Work request →
Using the records below, give again exactly the lines from the line that contains "3‑Socket Car Cigarette" through the line that contains "Afghan Andkhoi Aqcha", both ends included, and only those.

Supplied data START

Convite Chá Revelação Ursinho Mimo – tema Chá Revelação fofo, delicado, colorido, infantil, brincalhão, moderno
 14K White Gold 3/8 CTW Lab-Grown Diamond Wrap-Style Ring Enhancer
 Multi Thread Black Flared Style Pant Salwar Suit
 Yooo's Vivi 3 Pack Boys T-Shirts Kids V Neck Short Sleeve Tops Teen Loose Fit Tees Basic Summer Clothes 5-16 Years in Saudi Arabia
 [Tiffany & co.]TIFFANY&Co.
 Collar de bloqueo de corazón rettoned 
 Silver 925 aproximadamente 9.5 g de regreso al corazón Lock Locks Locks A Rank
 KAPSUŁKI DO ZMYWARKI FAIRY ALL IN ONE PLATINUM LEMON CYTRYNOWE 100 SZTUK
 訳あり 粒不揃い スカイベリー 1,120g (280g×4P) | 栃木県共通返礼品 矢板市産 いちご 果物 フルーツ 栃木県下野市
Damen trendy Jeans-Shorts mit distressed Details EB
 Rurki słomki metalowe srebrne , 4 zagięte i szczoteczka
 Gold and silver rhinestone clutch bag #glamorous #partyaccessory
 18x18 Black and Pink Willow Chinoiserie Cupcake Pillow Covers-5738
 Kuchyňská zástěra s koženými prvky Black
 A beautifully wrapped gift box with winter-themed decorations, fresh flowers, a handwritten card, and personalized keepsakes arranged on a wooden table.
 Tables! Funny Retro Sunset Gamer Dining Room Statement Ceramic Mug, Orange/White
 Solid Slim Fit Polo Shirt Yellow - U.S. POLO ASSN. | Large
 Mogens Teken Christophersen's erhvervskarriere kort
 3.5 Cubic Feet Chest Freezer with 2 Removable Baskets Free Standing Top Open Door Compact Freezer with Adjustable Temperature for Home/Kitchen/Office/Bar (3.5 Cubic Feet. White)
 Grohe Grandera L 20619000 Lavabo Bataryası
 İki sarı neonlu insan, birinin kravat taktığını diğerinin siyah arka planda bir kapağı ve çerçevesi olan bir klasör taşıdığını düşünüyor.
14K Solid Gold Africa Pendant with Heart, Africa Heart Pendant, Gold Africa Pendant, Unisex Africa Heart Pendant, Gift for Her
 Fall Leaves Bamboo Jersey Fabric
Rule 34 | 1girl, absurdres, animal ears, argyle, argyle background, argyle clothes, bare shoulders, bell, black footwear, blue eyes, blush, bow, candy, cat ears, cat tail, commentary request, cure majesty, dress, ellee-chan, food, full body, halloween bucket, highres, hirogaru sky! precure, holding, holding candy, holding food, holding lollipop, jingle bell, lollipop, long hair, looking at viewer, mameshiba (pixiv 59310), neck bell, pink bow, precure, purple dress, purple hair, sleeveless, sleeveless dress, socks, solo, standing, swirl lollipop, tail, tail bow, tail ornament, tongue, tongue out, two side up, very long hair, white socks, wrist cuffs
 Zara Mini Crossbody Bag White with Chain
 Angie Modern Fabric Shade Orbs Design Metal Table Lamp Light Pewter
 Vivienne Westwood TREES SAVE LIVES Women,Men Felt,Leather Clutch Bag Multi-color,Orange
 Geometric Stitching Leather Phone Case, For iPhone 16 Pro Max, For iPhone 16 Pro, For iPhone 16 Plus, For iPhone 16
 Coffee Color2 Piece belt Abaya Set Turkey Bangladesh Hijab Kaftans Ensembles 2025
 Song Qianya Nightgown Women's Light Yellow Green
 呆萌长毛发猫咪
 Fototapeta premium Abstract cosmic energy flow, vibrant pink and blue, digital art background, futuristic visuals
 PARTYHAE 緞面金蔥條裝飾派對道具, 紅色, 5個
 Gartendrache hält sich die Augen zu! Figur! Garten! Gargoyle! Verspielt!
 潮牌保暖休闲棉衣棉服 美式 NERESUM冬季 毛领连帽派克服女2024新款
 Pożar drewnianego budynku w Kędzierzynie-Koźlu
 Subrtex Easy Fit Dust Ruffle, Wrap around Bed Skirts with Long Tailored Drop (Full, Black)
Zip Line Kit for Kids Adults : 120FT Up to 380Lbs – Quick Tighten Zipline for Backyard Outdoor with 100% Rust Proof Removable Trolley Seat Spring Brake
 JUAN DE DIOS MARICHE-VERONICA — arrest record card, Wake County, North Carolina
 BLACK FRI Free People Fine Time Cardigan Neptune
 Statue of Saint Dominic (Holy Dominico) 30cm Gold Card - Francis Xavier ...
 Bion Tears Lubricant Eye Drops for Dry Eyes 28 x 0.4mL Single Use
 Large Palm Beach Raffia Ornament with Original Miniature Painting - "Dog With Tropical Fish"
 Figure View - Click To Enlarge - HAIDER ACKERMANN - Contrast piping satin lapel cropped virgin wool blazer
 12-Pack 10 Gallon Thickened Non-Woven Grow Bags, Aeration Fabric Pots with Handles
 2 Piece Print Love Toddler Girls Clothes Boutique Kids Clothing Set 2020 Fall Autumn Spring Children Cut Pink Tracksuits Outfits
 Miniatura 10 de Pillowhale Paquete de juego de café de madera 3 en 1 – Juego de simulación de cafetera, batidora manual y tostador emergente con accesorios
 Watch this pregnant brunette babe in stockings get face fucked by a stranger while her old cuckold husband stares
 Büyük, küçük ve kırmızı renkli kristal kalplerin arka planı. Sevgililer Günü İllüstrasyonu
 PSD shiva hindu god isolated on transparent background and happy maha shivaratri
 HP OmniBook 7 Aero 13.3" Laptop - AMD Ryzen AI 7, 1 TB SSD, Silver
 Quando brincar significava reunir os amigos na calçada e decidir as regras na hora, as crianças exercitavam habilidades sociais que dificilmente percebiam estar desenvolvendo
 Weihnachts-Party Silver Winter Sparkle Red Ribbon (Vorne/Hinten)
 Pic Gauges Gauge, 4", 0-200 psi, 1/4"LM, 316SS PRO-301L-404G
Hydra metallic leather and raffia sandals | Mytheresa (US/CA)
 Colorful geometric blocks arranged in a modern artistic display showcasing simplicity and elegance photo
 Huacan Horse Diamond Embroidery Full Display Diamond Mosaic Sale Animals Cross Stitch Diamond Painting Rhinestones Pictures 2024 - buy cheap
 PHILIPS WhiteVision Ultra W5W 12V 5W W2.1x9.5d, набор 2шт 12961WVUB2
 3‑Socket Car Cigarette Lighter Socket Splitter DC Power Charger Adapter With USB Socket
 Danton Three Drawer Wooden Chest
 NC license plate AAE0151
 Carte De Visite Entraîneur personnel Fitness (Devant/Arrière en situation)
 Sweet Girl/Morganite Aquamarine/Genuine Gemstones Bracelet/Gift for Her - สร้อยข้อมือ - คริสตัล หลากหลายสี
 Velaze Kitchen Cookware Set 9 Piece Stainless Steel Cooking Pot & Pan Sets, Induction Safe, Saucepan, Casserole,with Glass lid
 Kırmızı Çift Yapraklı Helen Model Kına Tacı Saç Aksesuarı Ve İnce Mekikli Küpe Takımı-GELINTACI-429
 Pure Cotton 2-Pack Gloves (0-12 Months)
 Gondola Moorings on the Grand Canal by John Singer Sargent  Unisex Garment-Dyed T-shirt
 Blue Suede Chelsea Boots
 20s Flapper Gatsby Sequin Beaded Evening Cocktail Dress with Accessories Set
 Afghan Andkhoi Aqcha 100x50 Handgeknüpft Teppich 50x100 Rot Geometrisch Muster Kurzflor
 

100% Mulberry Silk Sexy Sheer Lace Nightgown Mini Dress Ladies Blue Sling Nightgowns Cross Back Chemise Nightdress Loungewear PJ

Supplied data END

Response area →
 3‑Socket Car Cigarette Lighter Socket Splitter DC Power Charger Adapter With USB Socket
 Danton Three Drawer Wooden Chest
 NC license plate AAE0151
 Carte De Visite Entraîneur personnel Fitness (Devant/Arrière en situation)
 Sweet Girl/Morganite Aquamarine/Genuine Gemstones Bracelet/Gift for Her - สร้อยข้อมือ - คริสตัล หลากหลายสี
 Velaze Kitchen Cookware Set 9 Piece Stainless Steel Cooking Pot & Pan Sets, Induction Safe, Saucepan, Casserole,with Glass lid
 Kırmızı Çift Yapraklı Helen Model Kına Tacı Saç Aksesuarı Ve İnce Mekikli Küpe Takımı-GELINTACI-429
 Pure Cotton 2-Pack Gloves (0-12 Months)
 Gondola Moorings on the Grand Canal by John Singer Sargent  Unisex Garment-Dyed T-shirt
 Blue Suede Chelsea Boots
 20s Flapper Gatsby Sequin Beaded Evening Cocktail Dress with Accessories Set
 Afghan Andkhoi Aqcha 100x50 Handgeknüpft Teppich 50x100 Rot Geometrisch Muster Kurzflor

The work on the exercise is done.